Trick or Treat? The Poke Survival Guide
What happens if you are caught short without any sweeties and don’t want your tyres slashed or pets strung up?
With a small amount of preparation – here’s 10 ‘treats’ you can offer up as an alternative when they arrive at your doorstop.
1. Handover the business card of someone you hate.
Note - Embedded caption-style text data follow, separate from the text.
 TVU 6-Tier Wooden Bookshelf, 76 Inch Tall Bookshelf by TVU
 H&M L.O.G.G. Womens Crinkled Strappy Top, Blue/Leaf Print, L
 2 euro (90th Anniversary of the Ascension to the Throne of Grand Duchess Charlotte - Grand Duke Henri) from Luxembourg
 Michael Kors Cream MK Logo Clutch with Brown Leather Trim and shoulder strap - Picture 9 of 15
Say ‘call me in the morning I’d prefer to give you all some money’
2. Dishwasher pellets – ‘a Swedish delicacy – suck don’t chew’
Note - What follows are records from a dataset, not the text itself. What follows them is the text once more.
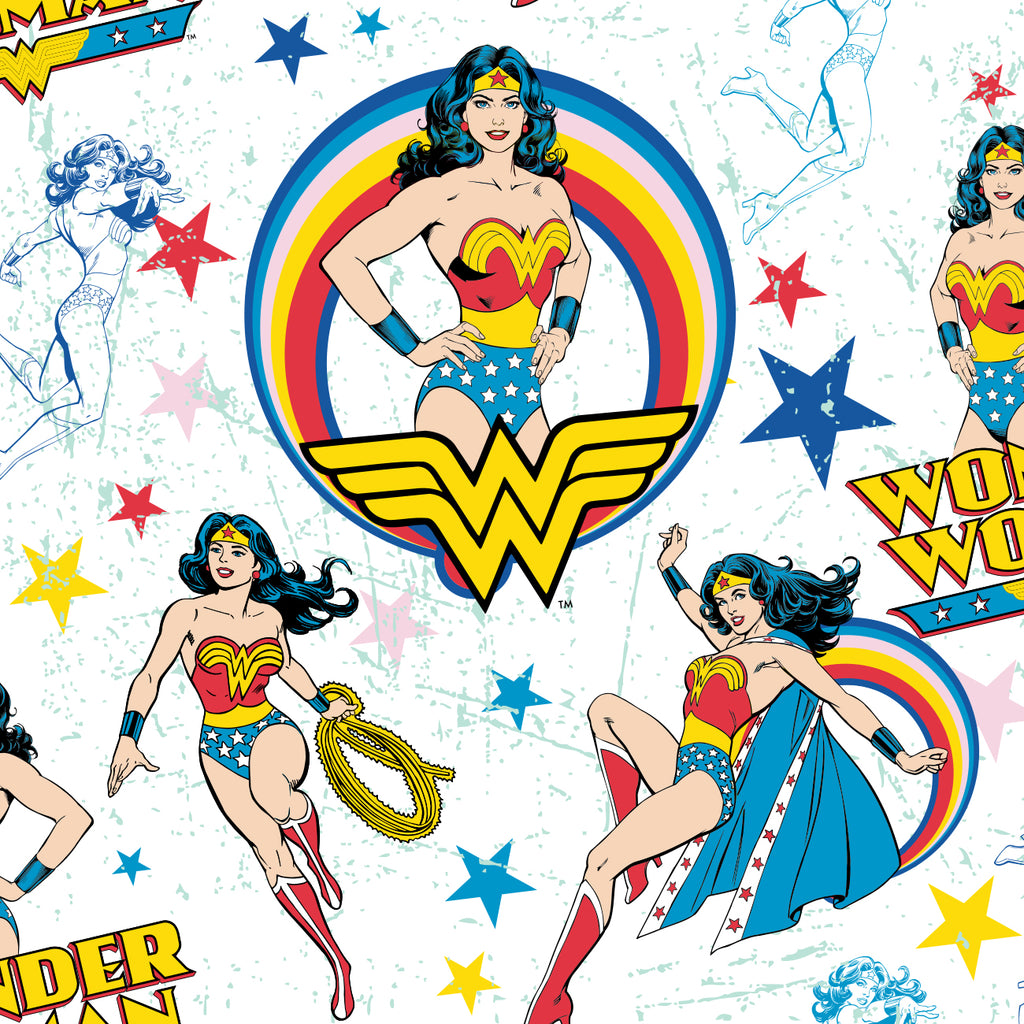 DC Comics -Wonder Woman-Character with Stars Fleece- White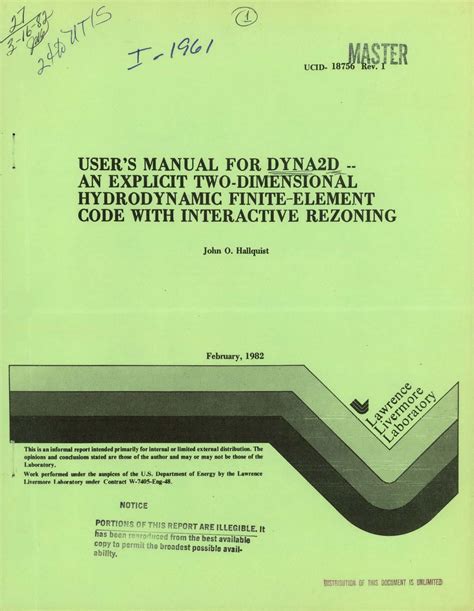 User S Manual For Dyna D An Explicit Two Dimensional Hydrodynamic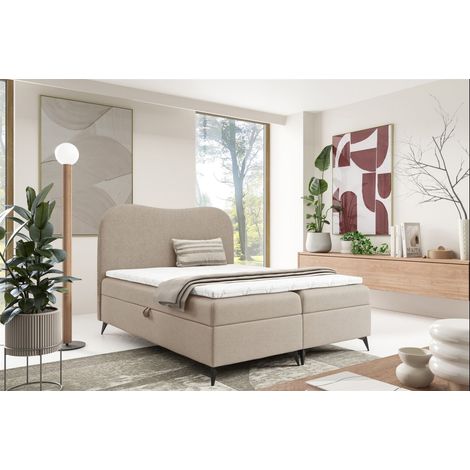 Boxspringbett Schlafzimmerbett BLAIR PREMIUM 120x200cm Stoff Now or Never Beige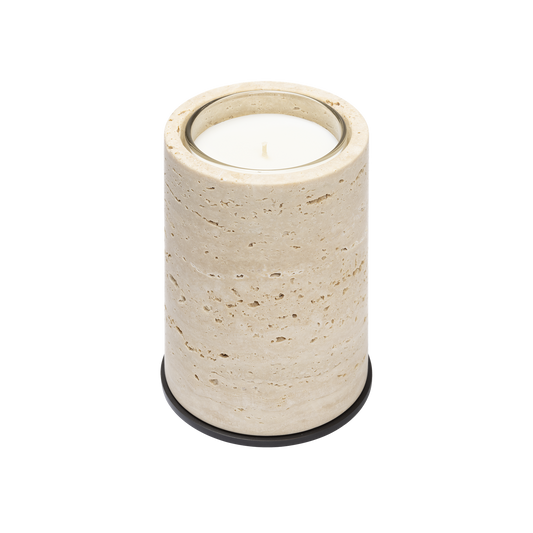 Giobagnara Positano | Candle Holder: Marble with metal base and smooth finish, with removable wax candle insert | Decor / Vases & Candle Holders | 2Jour Concierge, your luxury lifestyle shop | luxury interiors, hospitality décor, elegant living, designer home accessories, boutique hotels, refined lifestyle, yacht décor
3. Squeeze ketchup into some socks, add twigs and freeze – tah dah.. ‘vampire Callipos’
4. That Magic Tree air freshner in the car – coat in glue and scatter with sugar – ‘haunted forest lolly’
5. Oxo cubes – place on flat of palm – ‘right – who wants a giant cola cube?’
6. Handful of cornflakes rolled in marmite – ‘it’s Mexican chocolate – tastes a bit different’
7. Lemsip and Vim tipped into a piece of tin foil – hey presto – Space Dust!
8. A free newspaper CD – cross out The Railway Children (or whatever it is) and stencil… Bangin’ Grime Hitz
9. A black bin liner with two eye holes cut in it (Gucci ghost outfit).
10. Recycle a Tommy Copper classic – produce a teabag from wallet slip it into their top pocket, pat it and say ‘have a drink on me’.